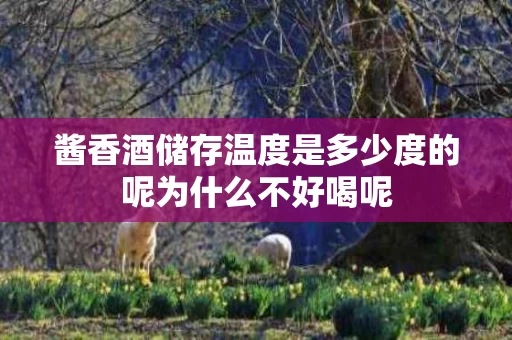 酱香酒储存温度是多少度的呢为什么不好喝呢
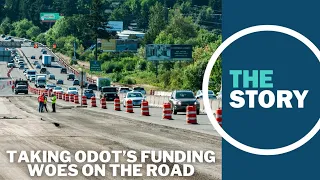 ODOT faces a maintenance funding gap. Lawmakers want to know how Oregonians prefer to pay for it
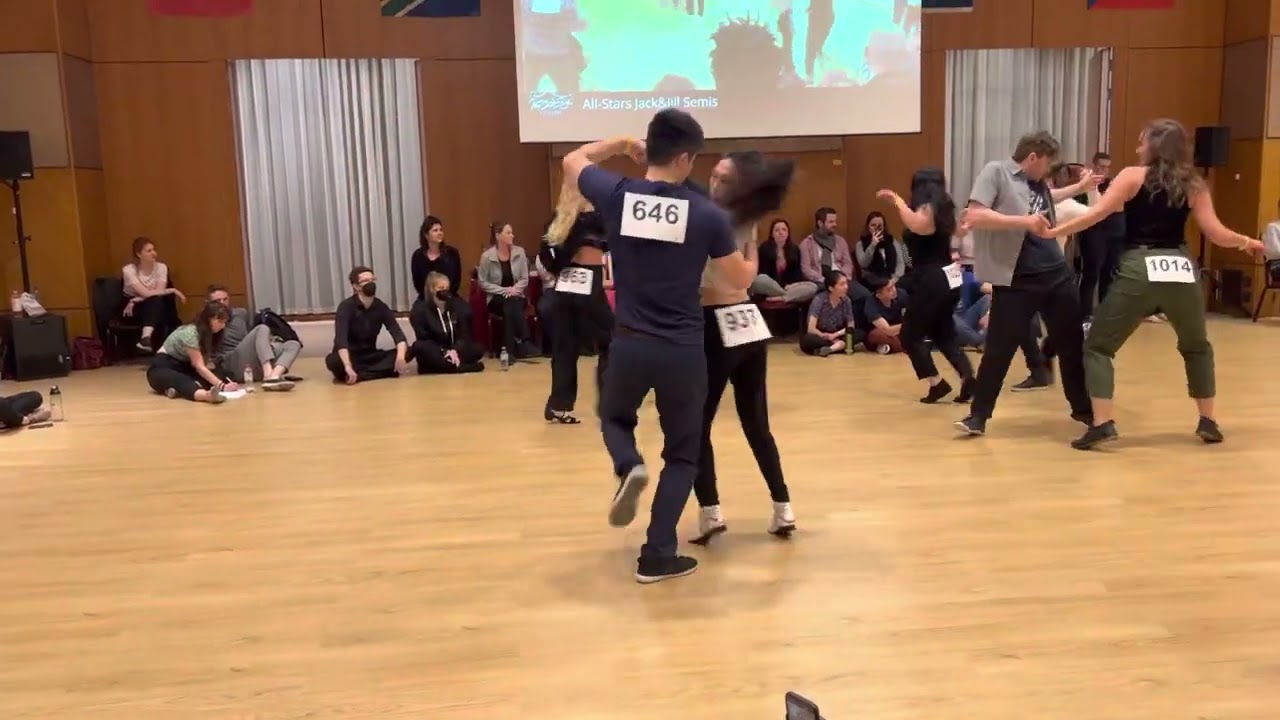 Frank Jiang & Selina Her | All Star/Champ J&J Semis | Budafest 2023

⁂

● WORK REQUEST:
Word for word, reproduce all of the data, but keep out the pictures.

● EXERCISE RESPONSE:
 酱香酒储存温度是多少度的呢为什么不好喝呢
 ODOT faces a maintenance funding gap. Lawmakers want to know how Oregonians prefer to pay for it
 Frank Jiang & Selina Her | All Star/Champ J&J Semis | Budafest 2023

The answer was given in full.